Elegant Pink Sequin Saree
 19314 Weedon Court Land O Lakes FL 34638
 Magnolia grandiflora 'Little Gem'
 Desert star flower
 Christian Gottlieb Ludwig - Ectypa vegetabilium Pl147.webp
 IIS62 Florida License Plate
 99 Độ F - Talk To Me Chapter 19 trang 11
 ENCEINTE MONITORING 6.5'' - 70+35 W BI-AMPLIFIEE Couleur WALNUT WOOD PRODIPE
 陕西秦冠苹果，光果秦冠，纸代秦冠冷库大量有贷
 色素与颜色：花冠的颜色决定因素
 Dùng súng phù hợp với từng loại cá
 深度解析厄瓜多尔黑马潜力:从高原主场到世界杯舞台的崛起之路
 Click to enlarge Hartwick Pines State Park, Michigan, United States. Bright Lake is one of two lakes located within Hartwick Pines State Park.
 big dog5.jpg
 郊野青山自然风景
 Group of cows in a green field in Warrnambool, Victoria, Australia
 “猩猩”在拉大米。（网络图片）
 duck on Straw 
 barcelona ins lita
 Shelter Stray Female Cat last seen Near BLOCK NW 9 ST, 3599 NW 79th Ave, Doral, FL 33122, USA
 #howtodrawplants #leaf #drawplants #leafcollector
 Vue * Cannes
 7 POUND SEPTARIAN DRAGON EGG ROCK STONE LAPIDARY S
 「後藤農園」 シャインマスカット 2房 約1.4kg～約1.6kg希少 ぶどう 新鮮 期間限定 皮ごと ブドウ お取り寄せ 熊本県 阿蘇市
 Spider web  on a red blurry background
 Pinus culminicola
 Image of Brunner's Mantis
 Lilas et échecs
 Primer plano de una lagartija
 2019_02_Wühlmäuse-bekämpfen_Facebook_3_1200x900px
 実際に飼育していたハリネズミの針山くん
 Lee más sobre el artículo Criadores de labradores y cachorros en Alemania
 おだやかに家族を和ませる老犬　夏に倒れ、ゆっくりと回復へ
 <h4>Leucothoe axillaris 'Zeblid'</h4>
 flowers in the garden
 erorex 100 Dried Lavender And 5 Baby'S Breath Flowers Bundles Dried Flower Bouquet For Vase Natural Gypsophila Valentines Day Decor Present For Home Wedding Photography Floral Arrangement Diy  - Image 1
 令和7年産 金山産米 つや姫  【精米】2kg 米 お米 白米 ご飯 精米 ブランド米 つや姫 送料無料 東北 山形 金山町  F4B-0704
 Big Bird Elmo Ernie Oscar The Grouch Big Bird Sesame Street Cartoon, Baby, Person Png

————————

PROBLEM DETAILS. Which lines run from the one containing "big dog5.jpg" through the end of the material? Output exactly those lines and no others.

RESPONSE BELOW.
 big dog5.jpg
 郊野青山自然风景
 Group of cows in a green field in Warrnambool, Victoria, Australia
 “猩猩”在拉大米。（网络图片）
 duck on Straw 
 barcelona ins lita
 Shelter Stray Female Cat last seen Near BLOCK NW 9 ST, 3599 NW 79th Ave, Doral, FL 33122, USA
 #howtodrawplants #leaf #drawplants #leafcollector
 Vue * Cannes
 7 POUND SEPTARIAN DRAGON EGG ROCK STONE LAPIDARY S
 「後藤農園」 シャインマスカット 2房 約1.4kg～約1.6kg希少 ぶどう 新鮮 期間限定 皮ごと ブドウ お取り寄せ 熊本県 阿蘇市
 Spider web  on a red blurry background
 Pinus culminicola
 Image of Brunner's Mantis
 Lilas et échecs
 Primer plano de una lagartija
 2019_02_Wühlmäuse-bekämpfen_Facebook_3_1200x900px
 実際に飼育していたハリネズミの針山くん
 Lee más sobre el artículo Criadores de labradores y cachorros en Alemania
 おだやかに家族を和ませる老犬　夏に倒れ、ゆっくりと回復へ
 <h4>Leucothoe axillaris 'Zeblid'</h4>
 flowers in the garden
 erorex 100 Dried Lavender And 5 Baby'S Breath Flowers Bundles Dried Flower Bouquet For Vase Natural Gypsophila Valentines Day Decor Present For Home Wedding Photography Floral Arrangement Diy  - Image 1
 令和7年産 金山産米 つや姫  【精米】2kg 米 お米 白米 ご飯 精米 ブランド米 つや姫 送料無料 東北 山形 金山町  F4B-0704
 Big Bird Elmo Ernie Oscar The Grouch Big Bird Sesame Street Cartoon, Baby, Person Png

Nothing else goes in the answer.